The United States Department of Labor requires Iowa Workforce Development (IWD) to randomly perform an Unemployment Insurance (UI) Tax Account Audit on a percentage of Iowa employers each year. Others are selected to verify that wages are being reported correctly or individuals are classified correctly in accordance with UI law. This requirement results in several thousand Iowa employers being selected for a UI Tax Account Audit. The audits are conducted to ensure compliance with the provisions of Iowa Code Section 96.11.6A and Iowa Administrative Code 871, Chapter 22.17(4).
UI audits have two purposes:
- to verify payroll is reported accurately
- to ensure all workers are correctly classified as either employees or independent contractors
Businesses with or without an active UI account may be selected for an audit to determine if they are a liable employer. The auditor can answer any questions regarding the UI law as it relates to reporting individuals.
Time Period and Duration of an Audit
The audit typically covers one calendar year. The Audit Notification letter, selected employers receive, will indicate the audit year. It may be necessary to expand to other years if issues are discovered. If so, the auditor will request records for additional years.
The length of time to conduct an audit varies significantly from employer to employer. It depends primarily upon the size of the employer, the condition of the employer's records and the number of issues encountered. Most field work performed on small-to-medium-sized employers (1-50 employees) is completed in a day or less. The field work of the audit may take longer for larger employers (over 50 employees).
Scheduling the Audit
The auditor will set the date and time of the audit. The employer will be notified by mail or phone. Audits are usually conducted Monday through Friday (excluding holidays) between the hours of 8:00 am and 4:30 pm. The auditor will try to be as flexible as possible to minimize any disruptions to business operations. Audits are normally conducted at the business, however, with proper authorization audits may be held at the employer's accountant’s office.
The auditor or employer may reschedule the audit when unforeseen circumstances arise. Immediate notification should be given when a scheduled date cannot be kept. Requests to reschedule should be kept to a minimum.
Participation During the Audit
The business owner is not required to be present at the audit. A staff representative can be designated to work directly with the auditor. If possible, the owner should be available by phone.
An auditor can work directly with an accountant if they are an active agent on the employer’s tax account. If there is not an active agent on the account, the employer may assign an agent on myIowaUI or designate an agent by completing the Employer’s Authorization section of the Pre-Audit Questionnaire. The owner should be available by phone to answer questions the agent cannot.

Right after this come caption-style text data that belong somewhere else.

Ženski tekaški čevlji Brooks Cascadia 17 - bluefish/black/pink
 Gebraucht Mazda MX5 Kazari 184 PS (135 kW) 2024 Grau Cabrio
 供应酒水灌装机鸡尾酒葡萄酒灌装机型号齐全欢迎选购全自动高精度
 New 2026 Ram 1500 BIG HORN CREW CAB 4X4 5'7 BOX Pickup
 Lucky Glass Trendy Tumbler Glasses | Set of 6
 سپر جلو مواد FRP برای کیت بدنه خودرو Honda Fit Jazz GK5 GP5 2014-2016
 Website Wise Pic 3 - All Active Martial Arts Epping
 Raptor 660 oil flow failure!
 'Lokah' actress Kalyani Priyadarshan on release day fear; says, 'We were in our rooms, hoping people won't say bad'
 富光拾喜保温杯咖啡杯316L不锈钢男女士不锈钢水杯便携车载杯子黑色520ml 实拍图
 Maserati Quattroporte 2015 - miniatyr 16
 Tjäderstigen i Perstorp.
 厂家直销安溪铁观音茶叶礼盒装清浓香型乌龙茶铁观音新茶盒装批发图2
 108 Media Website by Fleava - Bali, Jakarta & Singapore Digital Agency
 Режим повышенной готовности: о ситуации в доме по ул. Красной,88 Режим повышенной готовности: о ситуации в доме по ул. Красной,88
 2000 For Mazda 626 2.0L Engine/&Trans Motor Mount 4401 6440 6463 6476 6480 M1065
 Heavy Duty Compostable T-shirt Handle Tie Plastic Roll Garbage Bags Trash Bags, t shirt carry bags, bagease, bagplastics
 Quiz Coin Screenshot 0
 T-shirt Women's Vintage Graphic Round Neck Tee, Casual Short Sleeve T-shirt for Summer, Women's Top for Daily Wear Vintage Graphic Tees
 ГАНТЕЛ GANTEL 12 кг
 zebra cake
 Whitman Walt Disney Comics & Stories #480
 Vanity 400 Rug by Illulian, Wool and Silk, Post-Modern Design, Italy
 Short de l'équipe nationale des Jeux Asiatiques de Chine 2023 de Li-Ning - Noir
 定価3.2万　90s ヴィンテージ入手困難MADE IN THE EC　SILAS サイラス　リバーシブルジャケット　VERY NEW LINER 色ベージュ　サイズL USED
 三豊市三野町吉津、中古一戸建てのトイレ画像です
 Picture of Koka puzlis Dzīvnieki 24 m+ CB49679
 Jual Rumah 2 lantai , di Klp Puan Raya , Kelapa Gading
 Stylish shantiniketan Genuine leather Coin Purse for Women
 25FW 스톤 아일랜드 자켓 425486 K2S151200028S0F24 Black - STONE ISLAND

Records Examined by the Auditor
Iowa Administrative Code 871 Chapter 22.1 requires all employers to keep adequate records for reporting payroll. All documents used to track payroll should be provided.
Records requested for examination are listed below and in the Audit Notification letter. Any records maintained in electronic format do not need to be printed, as long as the auditor is granted access. Additional records may be requested at the time of the audit.
- IRS 940, 941, 1099, 1096
- earnings records of each employee
- W-2s and W-3
- general ledger detail/chart of accounts
- business income tax return
- financial statements
- cash disbursement journal
- petty cash records
- payroll register, journal or time sheets
- corporate minutes
- master vendor listing/vendor files
- bank statements
- canceled checks, check register or stubs
- any other records showing payments to individuals for services performed
- documents showing non-payroll payments to individuals, such as: invoices, business cards, certificates of insurance, contracts, receipts, etc.
If the records cannot be provided on the scheduled date, contact the auditor immediately. The auditor will reschedule the audit allowing the employer reasonable time to gather records.
Under Iowa law employers are required to provide records for examination as defined in Iowa Administrative Code 871 Chapter 22.17(2). A refusal to provide records can result in a subpoena in accordance with Iowa Administrative Code 871 Chapter 22.17(3).
Payments to individuals that were not processed through the payroll system must be analyzed. The United States Department of Labor and Iowa Administrative Code 871 Chapter 22.17 require each audit to include a search for unreported wages and/or misclassified workers. These types of payments may be found when examining non-payroll records.
Under Iowa UI law, an individual being paid for services performed is presumed to be an employee unless facts determine the worker is an independent contractor. Determinations concerning employer-employee relationships and independent contractor relationships are based on Iowa Administrative Code 871 Chapter 23.19.
Results of an Audit
The auditor will discuss the preliminary results of the audit upon completion of field work. In addition, a Post-Audit Report will be mailed when the audit has been completed. The employer can view their online account for any changes.
The auditor will contact the employer and request payment for any amounts due. The employer can make a payment electronically or by mail. If full payment cannot be made at the conclusion of the audit, a payment plan can be established. If the audit creates a credit, the employer may apply the amount to the next quarterly report or request a refund.
Decisions made based on audit findings may be appealed. Instructions for appeal are included in the Post-Audit Report.